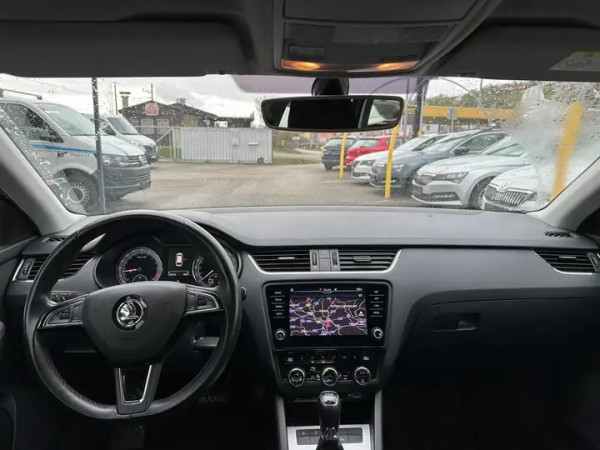 Skoda OctaviaCombi 2,0 TDI DSG LED-Navi-Carplay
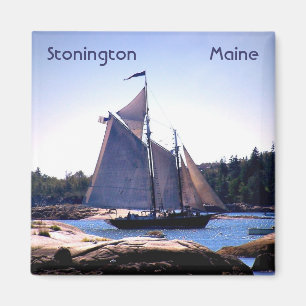 Íman Sloop no porto de Stonington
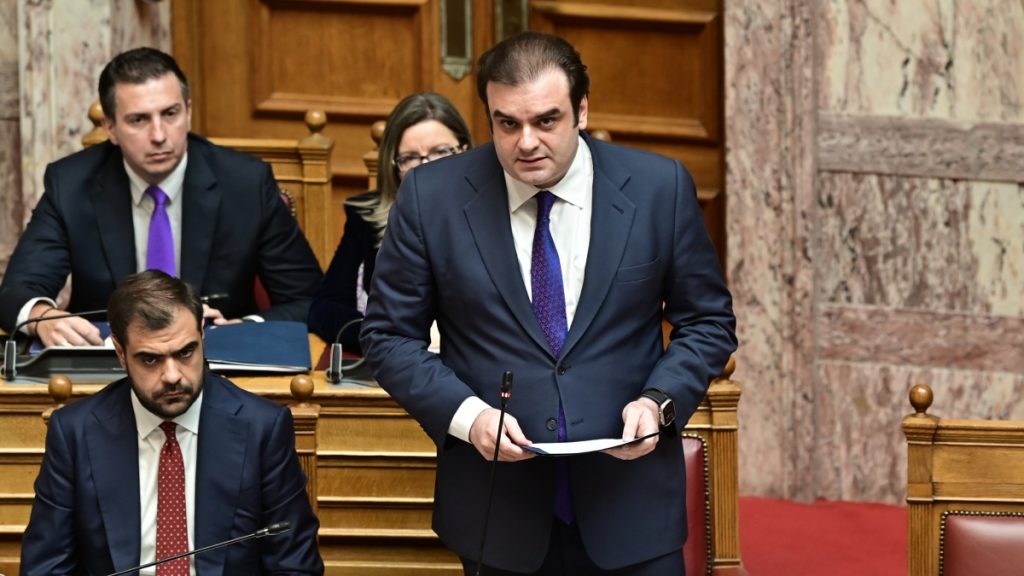 Κρατικός προϋπολογισμός 2026: LIVE η παρουσίαση των βασικών σημείων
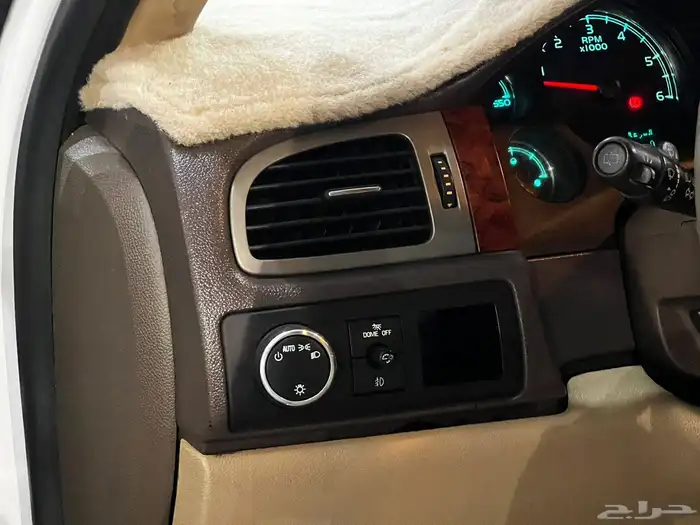 تاهو 2013 LT نظيف جدا ب 39 الف شامل 18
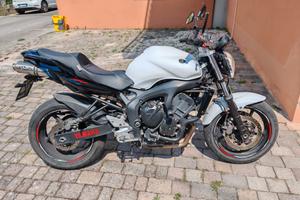 fz6 600 akrapovic 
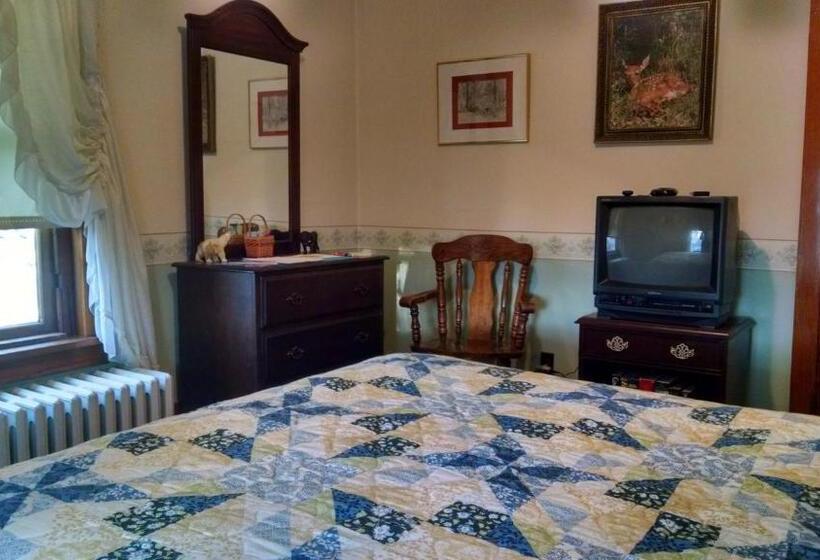 Fish & Loaves Bed And Breakfast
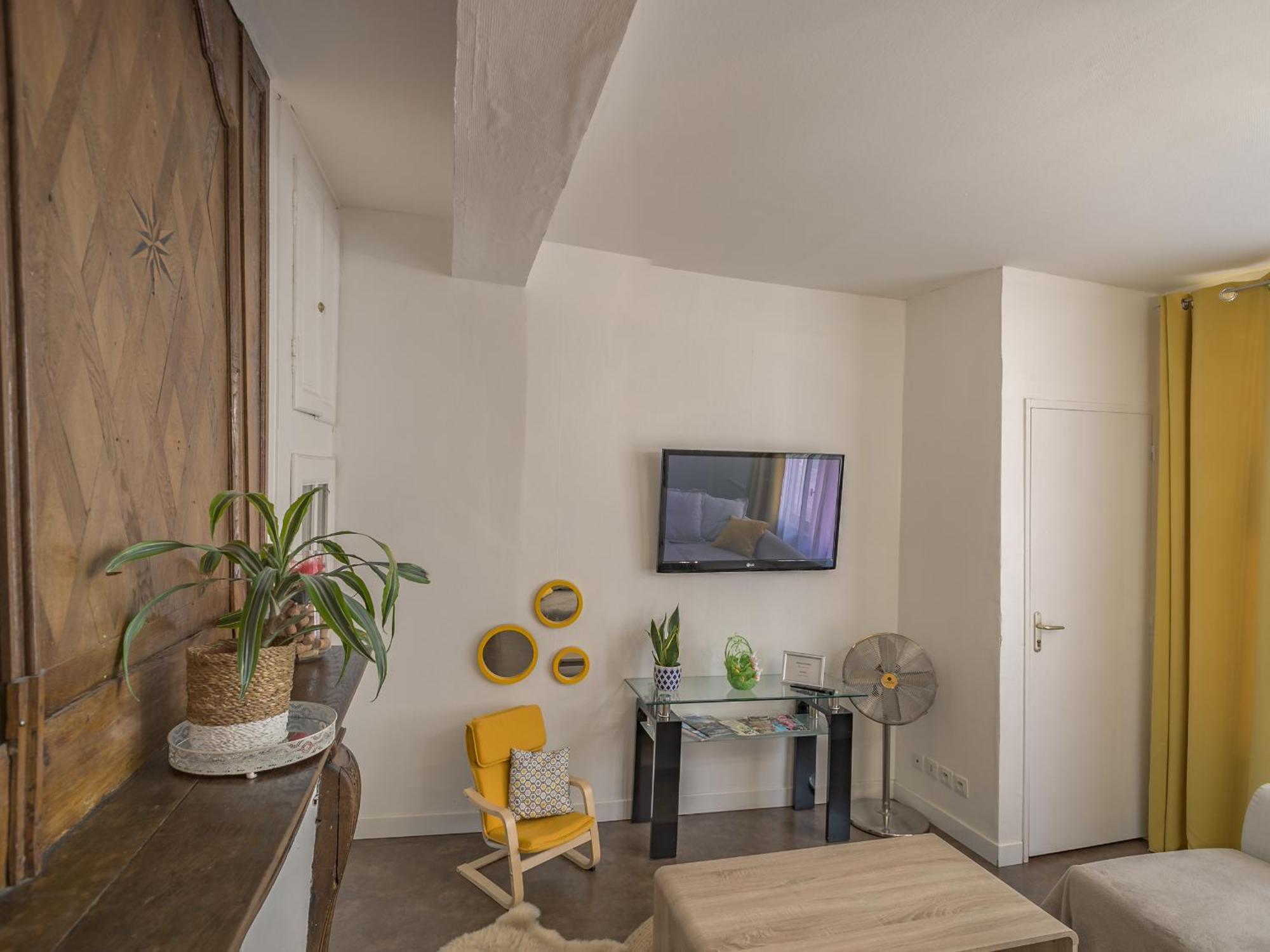 Quartier Cathedrale Centre, Wifi Et Parking - Zen Appart Troyes Room photo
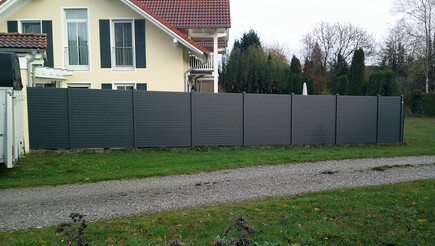 Aluminium Sichtschutz aus dem 2023 in 86911 Dießen Deutschland von Zaunteam Ammersee.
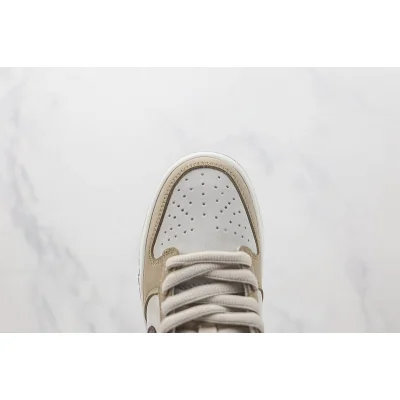 Otomo Katsuhiro x Nike SB Dunk Low "Old Brown" фото № 3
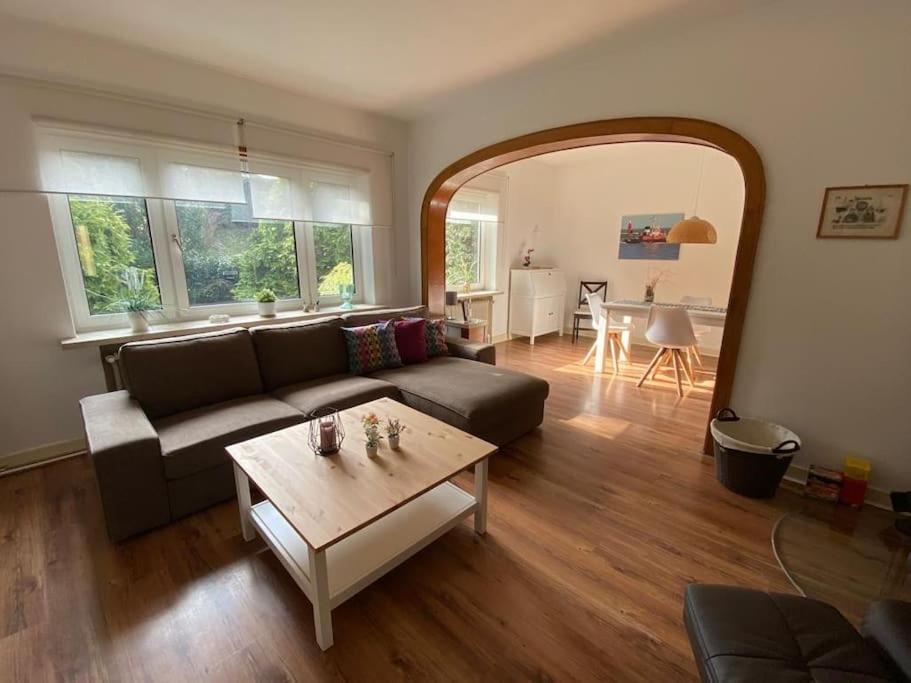 Feddersen Living Grosse Ferienwohnung - Garten - Terrasse - Smart Tv - Netflix Brunsbuttel Eksteriør bilde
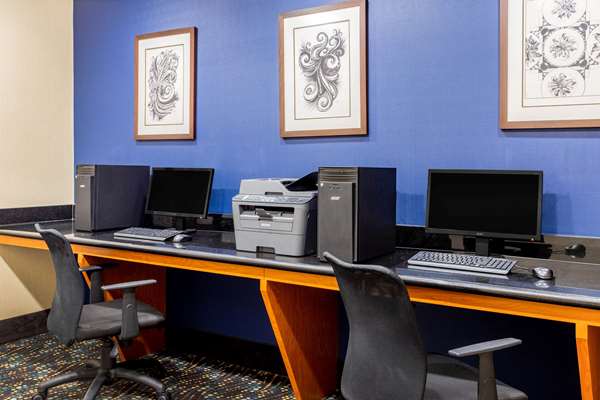 Conference Area - La Quinta Inn & Suites Airport Plainfield - I-70, Exit 66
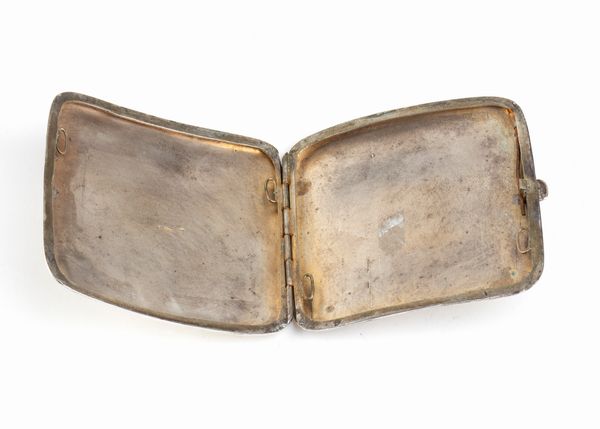 Portasigarette in argento con fregio Dirigibilista  - Asta Militaria, Ordini cavallereschi, Napoleonica - Associazione Nazionale - Case d'Asta italiane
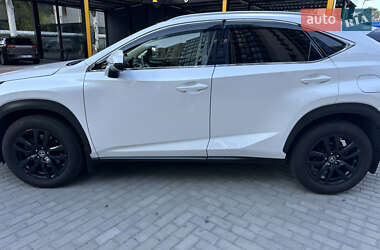 Внедорожник / Кроссовер Lexus NX 2018 в 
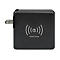Schwarzes quadratisches kabelloses Ladegerät mit Netzstecker und Wireless-Charging-Symbol.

________________

● **WORK ORDER**
Return, exactly and without extra lines, everything from the line with "Otomo Katsuhiro x" through the last line of the material above, both included. Pictures must be dropped.

● **RESULT**
 Otomo Katsuhiro x Nike SB Dunk Low "Old Brown" фото № 3
 Feddersen Living Grosse Ferienwohnung - Garten - Terrasse - Smart Tv - Netflix Brunsbuttel Eksteriør bilde
 Conference Area - La Quinta Inn & Suites Airport Plainfield - I-70, Exit 66
 Portasigarette in argento con fregio Dirigibilista  - Asta Militaria, Ordini cavallereschi, Napoleonica - Associazione Nazionale - Case d'Asta italiane
 Внедорожник / Кроссовер Lexus NX 2018 в 
Schwarzes quadratisches kabelloses Ladegerät mit Netzstecker und Wireless-Charging-Symbol.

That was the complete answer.